Aarhus Universitets Forskningsfond takkes for støtte til bogens udgivelse. Tak også til Nicholas Marshall og andre medlemmer af Center for Studiet af ← 7 | 8 → Antikken og Kristendommen. Fra Datahistorisk Forening takkes Finn Verner Nielsen og Knud Viuf for at gøre en elektronisk database udarbejdet i 1989 af Merete Harding tilgængelig.
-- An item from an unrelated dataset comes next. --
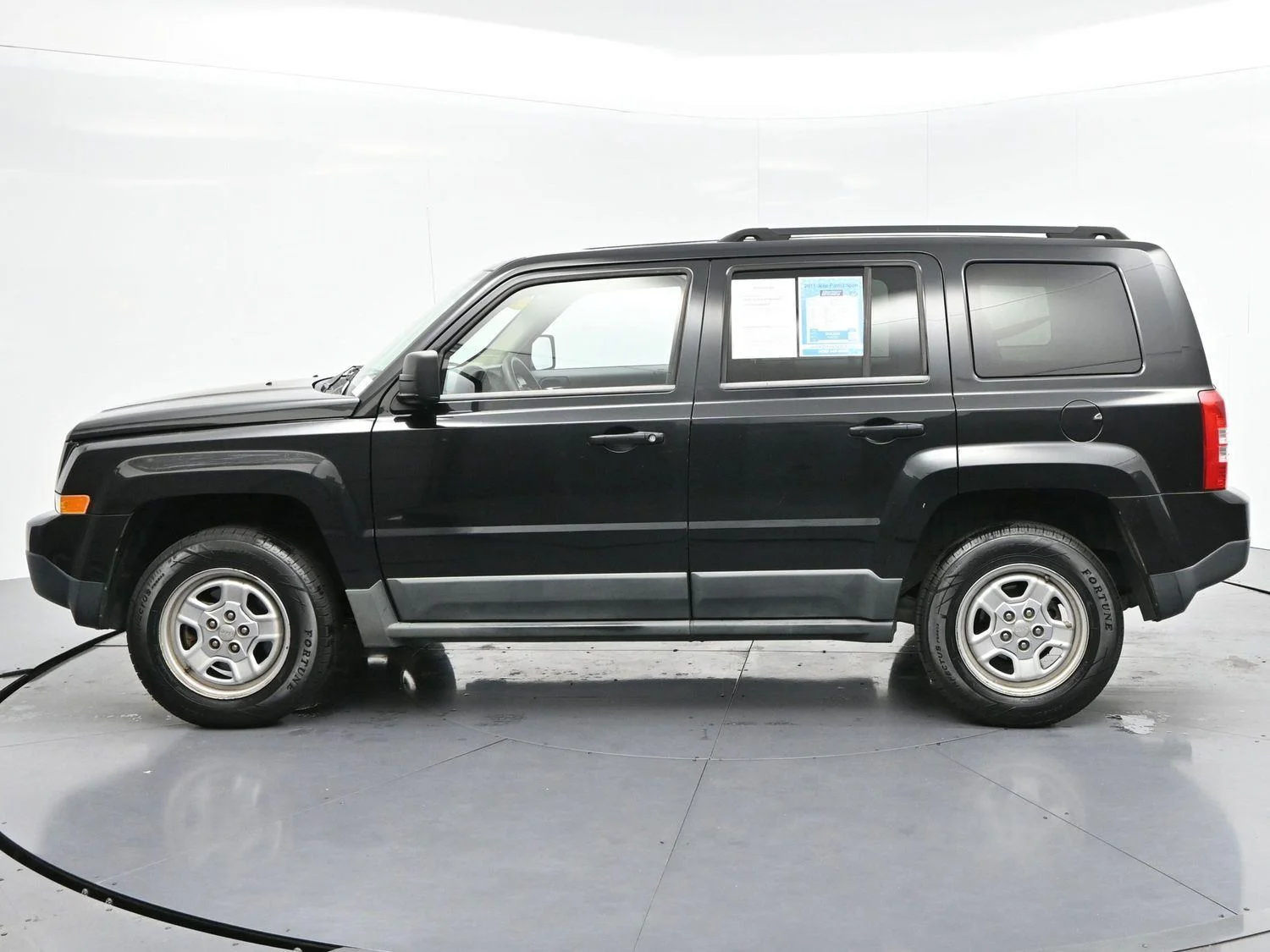 Used 2011 Brilliant Black Crystal Pearl Jeep Sport image 4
Sheffield / Halle / Aarhus, in June 2016
Julia Hillner / Jörg Ulrich / Jakob Engberg
Approaches to Clerical Exile in Late Antiquity:Strategies, Experiences, Memories and Social Networks1
Abstract: This chapter serves as both an introduction to the present volume and as an introduction to the underlying research project “The Migration of Faith: Clerical Exile in Late Antiquity (325–ca. 600)”. It lays out the overall aim of the volume to examine the immediate and long-term impact the exile of leading Christian clerics had on late antique communities. It further explores the benefits and challenges of social network analysis to enhance our understanding of this impact, a particular method championed by the “Migration of Faith” project.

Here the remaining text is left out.